=== Begin Enclosure ===

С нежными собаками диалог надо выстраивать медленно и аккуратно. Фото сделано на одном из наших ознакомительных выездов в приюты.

=== End Enclosure ===
=== Begin Enclosure ===

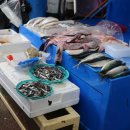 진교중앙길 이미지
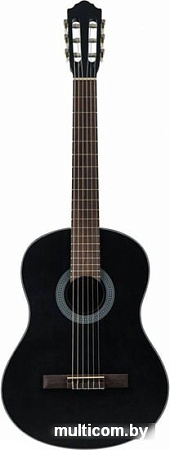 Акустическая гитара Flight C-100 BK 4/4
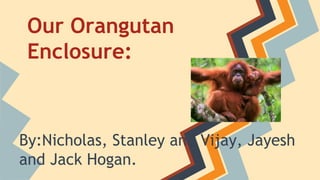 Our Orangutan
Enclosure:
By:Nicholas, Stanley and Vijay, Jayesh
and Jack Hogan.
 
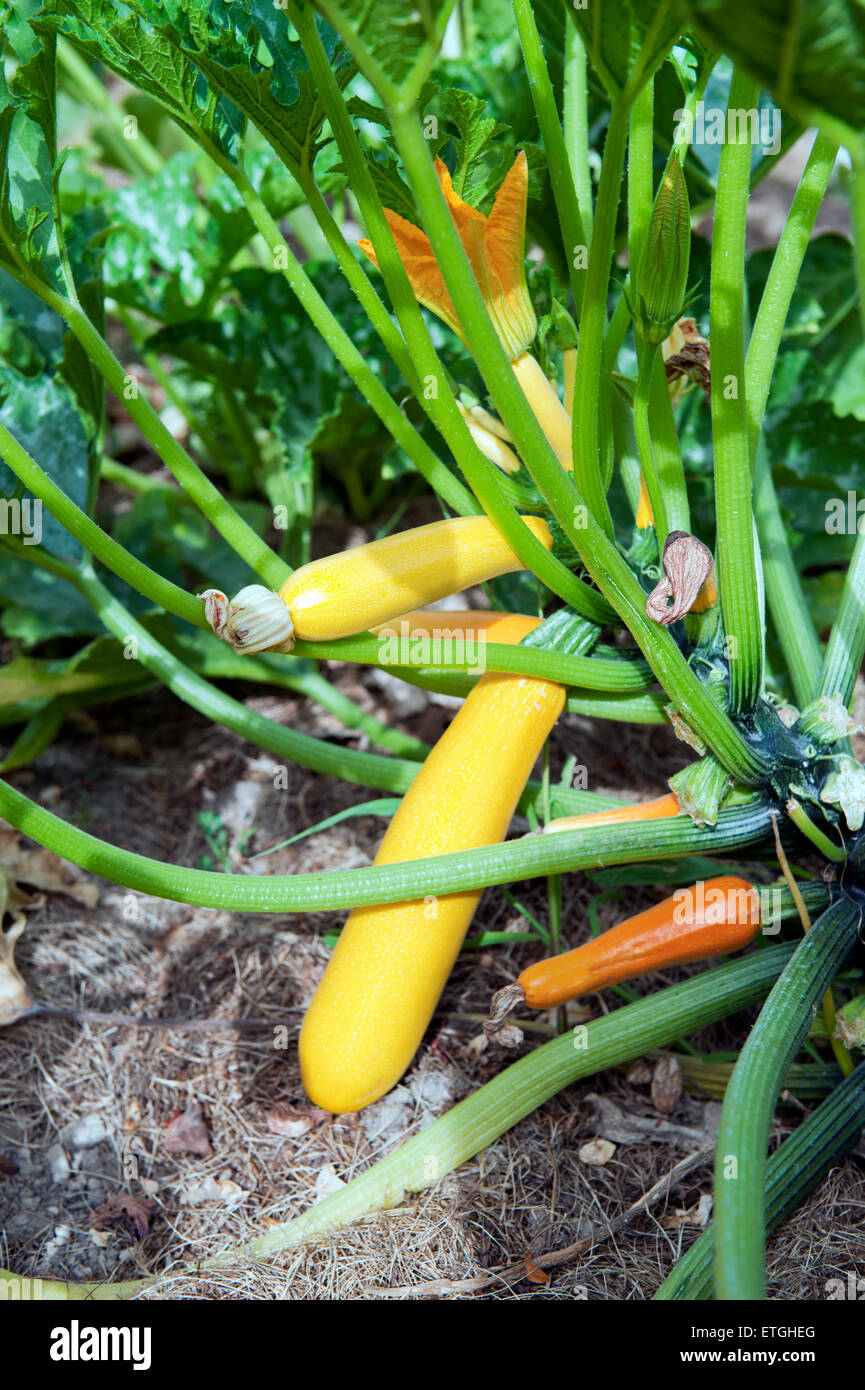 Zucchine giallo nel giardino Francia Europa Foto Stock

=== End Enclosure ===

# Problem requirements
When copying from the data above, begin at the line containing "Our Orangutan" and end at the line containing "Zucchine giallo nel"; return those lines exactly and leave all pictures behind.

# Response to this exercise
 Our Orangutan
Enclosure:
By:Nicholas, Stanley and Vijay, Jayesh
and Jack Hogan.
 
 Zucchine giallo nel giardino Francia Europa Foto Stock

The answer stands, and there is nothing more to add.